» **Task requirements**:
Write the lines below out exactly, dropping each picture.

===

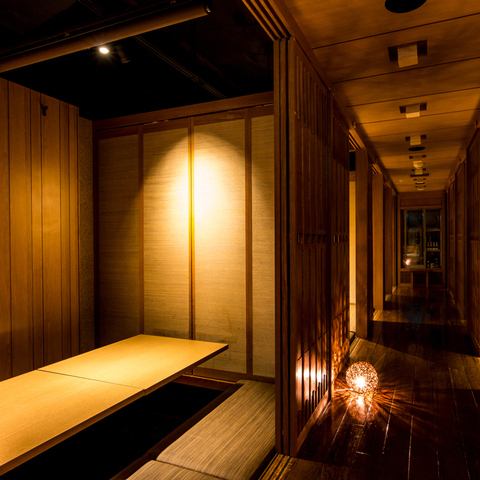 温かみのある照明が優しく照らす廊下と個室空間！まるで隠れ家のような落ち着きを感じます！木の格子や畳風の座席が和の雰囲気を演出していて、ゆっくりとくつろげる掘りごたつ席です！周りの視線を気にせず、仲間との宴会・飲み会を存分に楽しめる空間になってます！特別な夜にピッタリの居心地の良さを感じさせます！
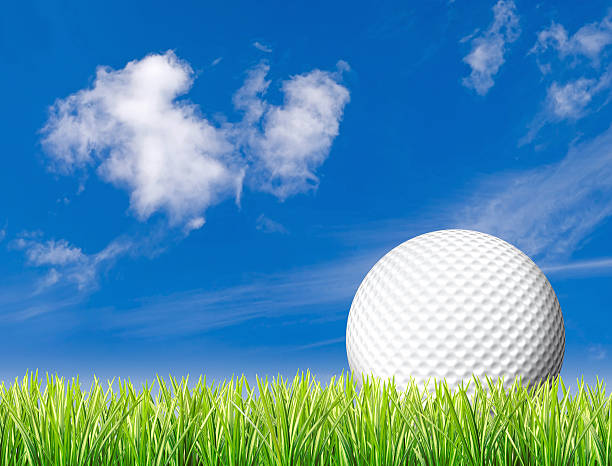 bola de golfe no alto grama com céu azul - golf ball spring cloud sun imagens e fotografias de stock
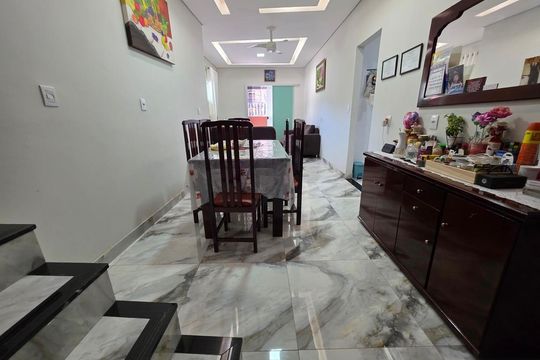 Casa à venda com 7 quartos, 240m² em Vista Alegre, Belo Horizonte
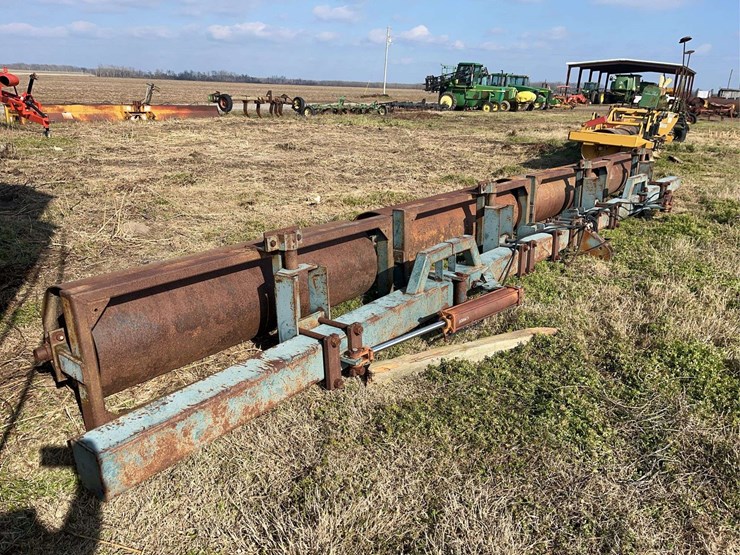 bell-8-row-folding-3pt-roller-image-1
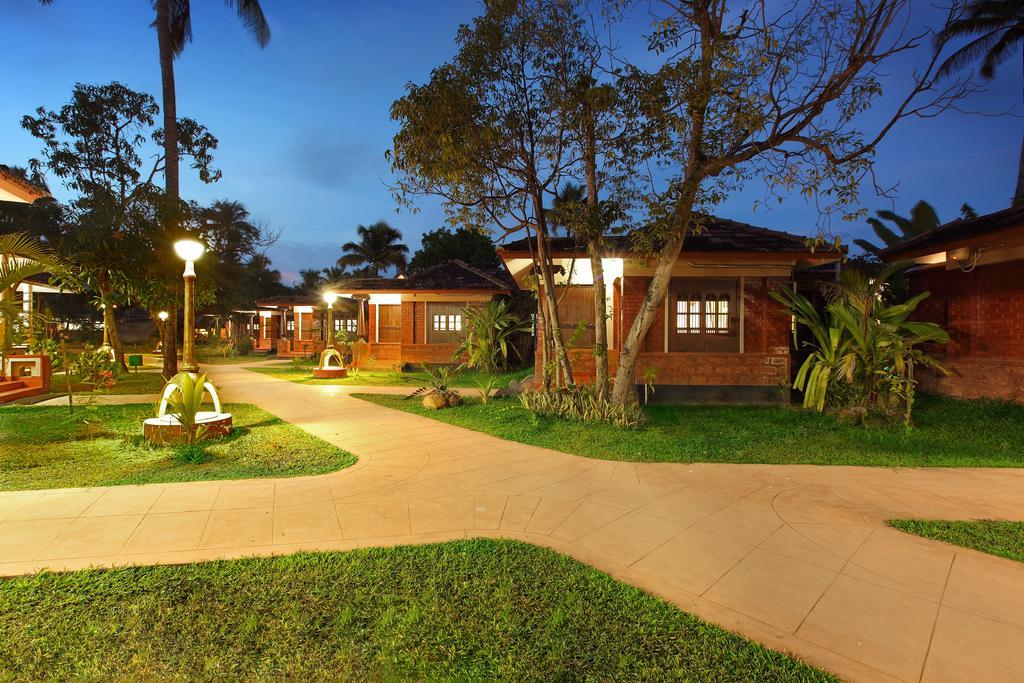 Cherai Beach Resorts Buitenkant foto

===

» **Result**:
 温かみのある照明が優しく照らす廊下と個室空間！まるで隠れ家のような落ち着きを感じます！木の格子や畳風の座席が和の雰囲気を演出していて、ゆっくりとくつろげる掘りごたつ席です！周りの視線を気にせず、仲間との宴会・飲み会を存分に楽しめる空間になってます！特別な夜にピッタリの居心地の良さを感じさせます！
 bola de golfe no alto grama com céu azul - golf ball spring cloud sun imagens e fotografias de stock
 Casa à venda com 7 quartos, 240m² em Vista Alegre, Belo Horizonte
 bell-8-row-folding-3pt-roller-image-1
 Cherai Beach Resorts Buitenkant foto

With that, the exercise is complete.